DATA SUPPLIED below:
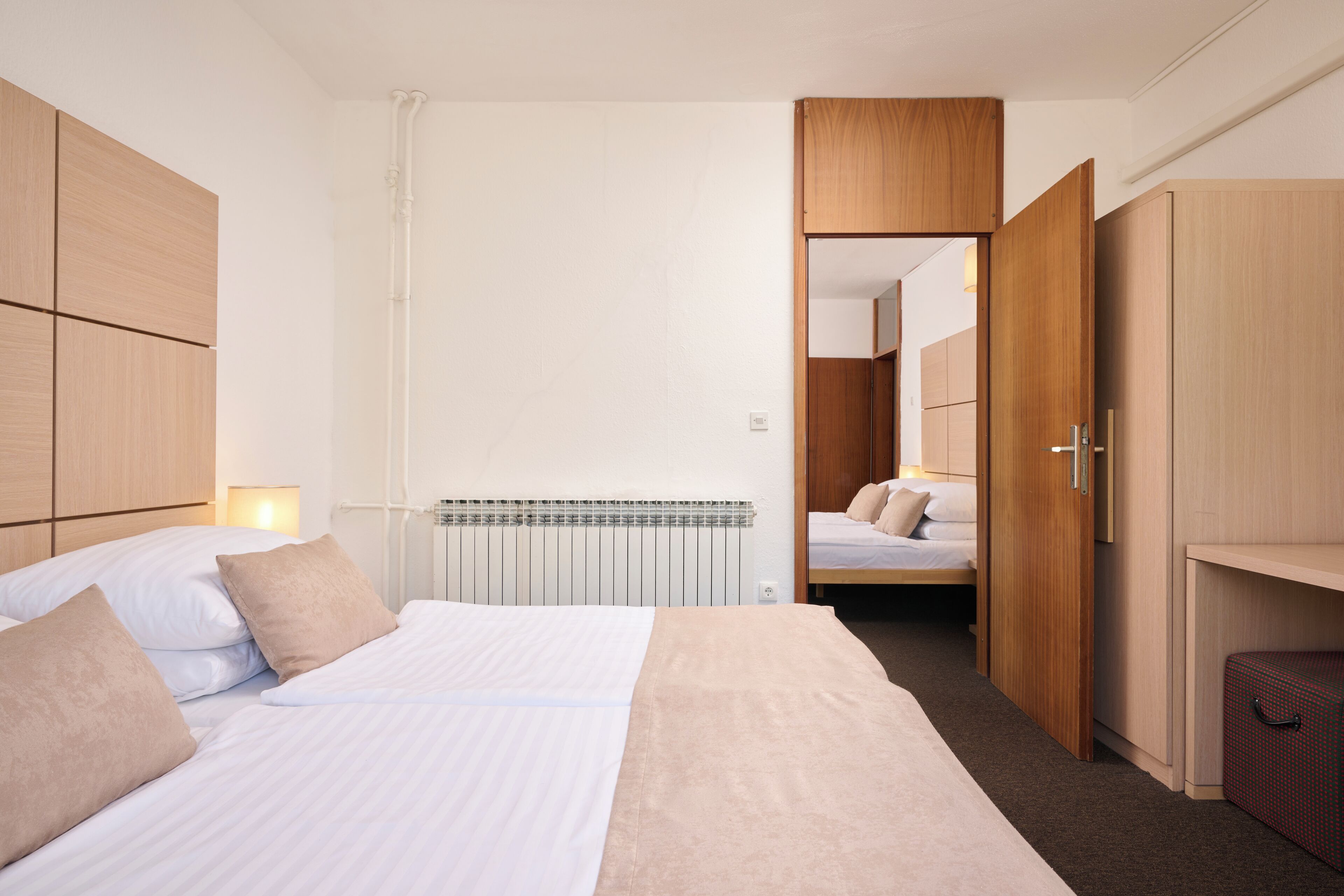 Une chambre d’hôtel avec un lit, une armoire en bois et une valise.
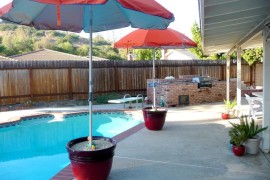 Umbrellas are a popular choice next to the pool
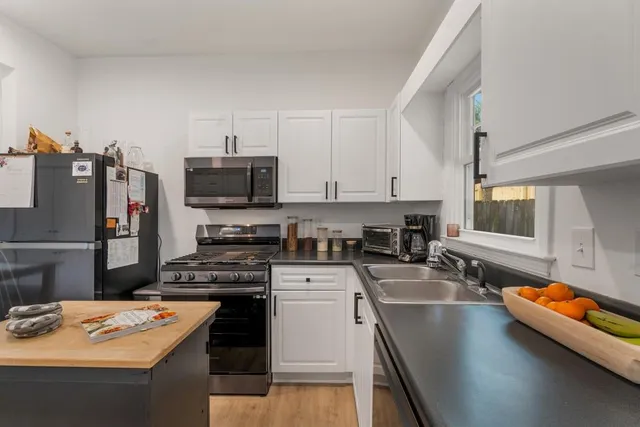 a kitchen with stainless steel appliances a stove a sink dishwasher a refrigerator white cabinets and wooden floor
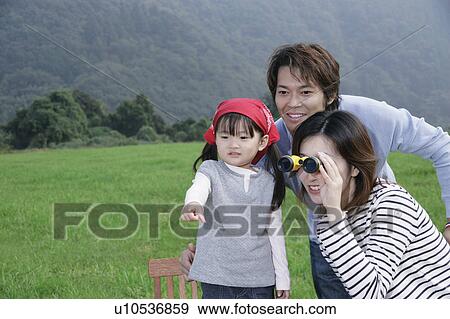 Stock Photo - Family having picnic, mother using binoculars. Fotosearch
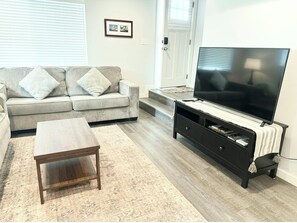 A living room with a sofa, a coffee table, a TV stand, and a flat-screen TV. - Sunset Stay, Pet friendly (Boise)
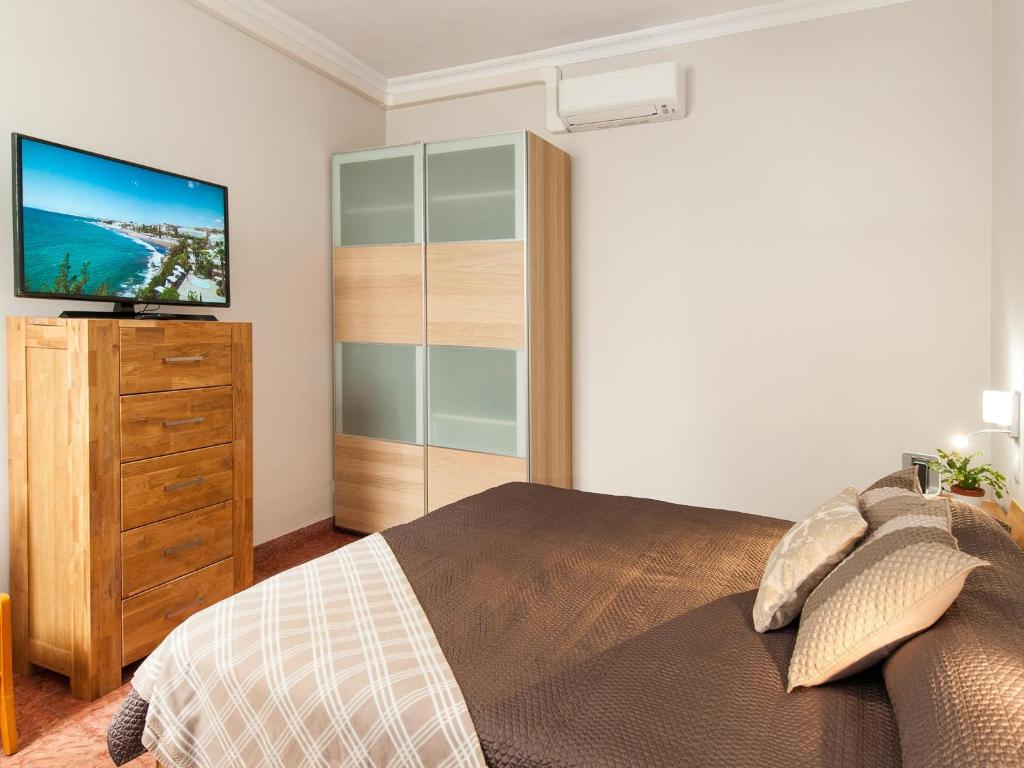 um quarto com uma cama e uma cómoda com uma televisão em Beautiful Beach Apartment M&B IV by Las Canteras em Las Palmas de Gran Canárias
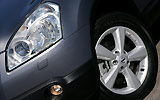 Nissan Qashqai+2. Modelo 2009. Imagen. Detalle faro izquierdo. Llanta. Gris.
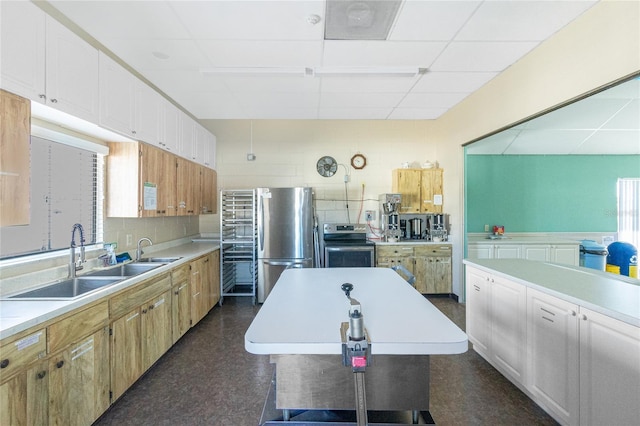 kitchen with white cabinets, stainless steel appliances, a paneled ceiling, a center island, and sink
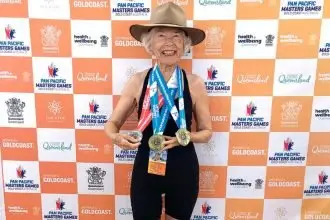 Jan Scott with her trio of medals from the Masters Games. She wore her late husband’s Akubra, for luck and support.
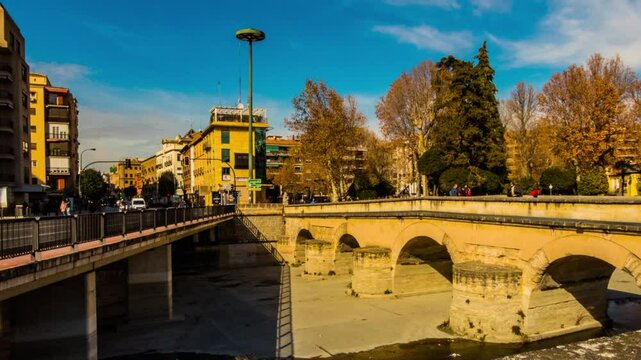 GRANADA, SPAIN - JANUARY 29 2017: Roman Bridge over Genil River. This bridge is located within urban area of Spanish city of Granada, Andalusia, on Genil River, just at its confluence with Darro River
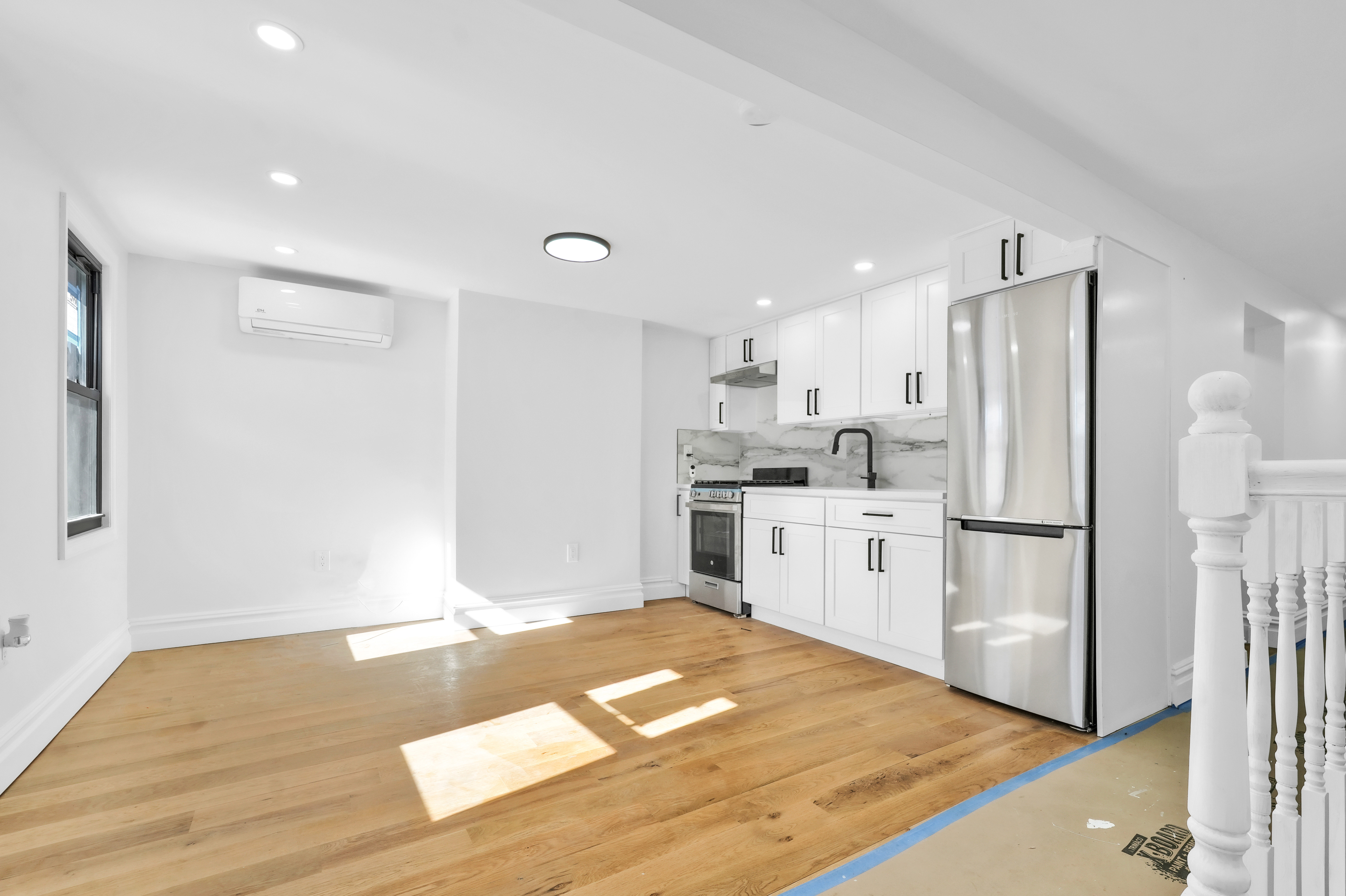 473 Monroe Street Brooklyn, NY 11221 - Photo 30 of 40 a kitchen with white cabinets and stainless steel appliances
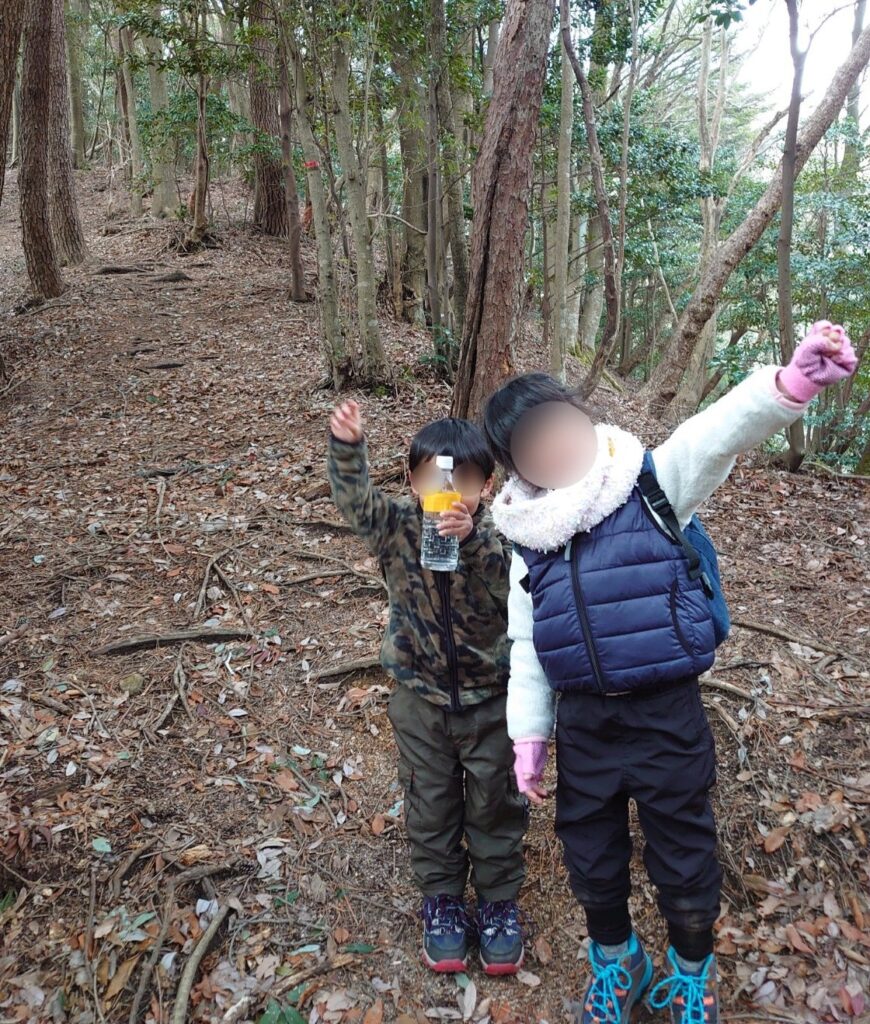 湯たんぽ代わりの温かいボトルを持ち、両手を上げて笑う6歳の娘と4歳の息子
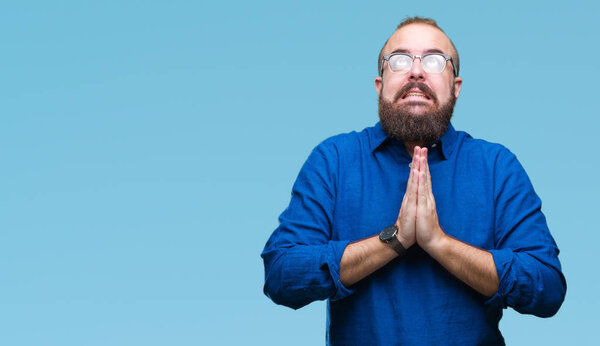 Young caucasian hipster man wearing glasses over isolated background begging and praying with hands together with hope expression on face very emotional and worried. Asking for forgiveness. Religion concept.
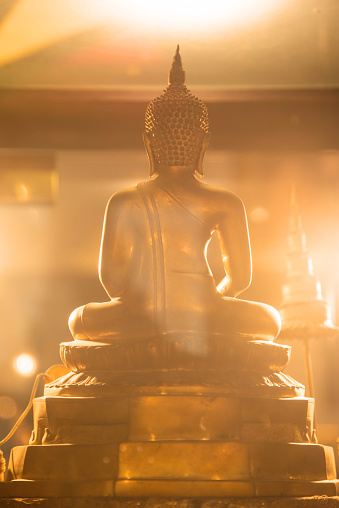 Back of Buddha statue with effect of orange lighting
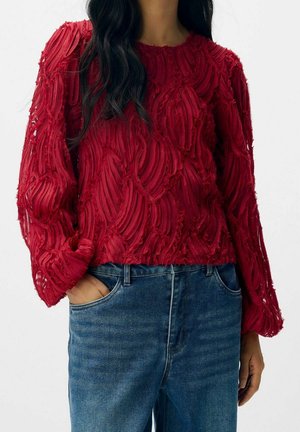 Femme portant un pull rouge texturé à manches longues avec un motif en relief et un jean bleu, une main dans la poche, sur fond blanc.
End of DATA SUPPLIED.
WORK REQUIRED: Leave the pictures out. Repeat every entry above exactly.

EXERCISE RESULT:
 Une chambre d’hôtel avec un lit, une armoire en bois et une valise.
 Umbrellas are a popular choice next to the pool
 a kitchen with stainless steel appliances a stove a sink dishwasher a refrigerator white cabinets and wooden floor
 Stock Photo - Family having picnic, mother using binoculars. Fotosearch
 A living room with a sofa, a coffee table, a TV stand, and a flat-screen TV. - Sunset Stay, Pet friendly (Boise)
 um quarto com uma cama e uma cómoda com uma televisão em Beautiful Beach Apartment M&B IV by Las Canteras em Las Palmas de Gran Canárias
 Nissan Qashqai+2. Modelo 2009. Imagen. Detalle faro izquierdo. Llanta. Gris.
 kitchen with white cabinets, stainless steel appliances, a paneled ceiling, a center island, and sink
 Jan Scott with her trio of medals from the Masters Games. She wore her late husband’s Akubra, for luck and support.
 GRANADA, SPAIN - JANUARY 29 2017: Roman Bridge over Genil River. This bridge is located within urban area of Spanish city of Granada, Andalusia, on Genil River, just at its confluence with Darro River
 473 Monroe Street Brooklyn, NY 11221 - Photo 30 of 40 a kitchen with white cabinets and stainless steel appliances
 湯たんぽ代わりの温かいボトルを持ち、両手を上げて笑う6歳の娘と4歳の息子
 Young caucasian hipster man wearing glasses over isolated background begging and praying with hands together with hope expression on face very emotional and worried. Asking for forgiveness. Religion concept.
 Back of Buddha statue with effect of orange lighting
 Femme portant un pull rouge texturé à manches longues avec un motif en relief et un jean bleu, une main dans la poche, sur fond blanc.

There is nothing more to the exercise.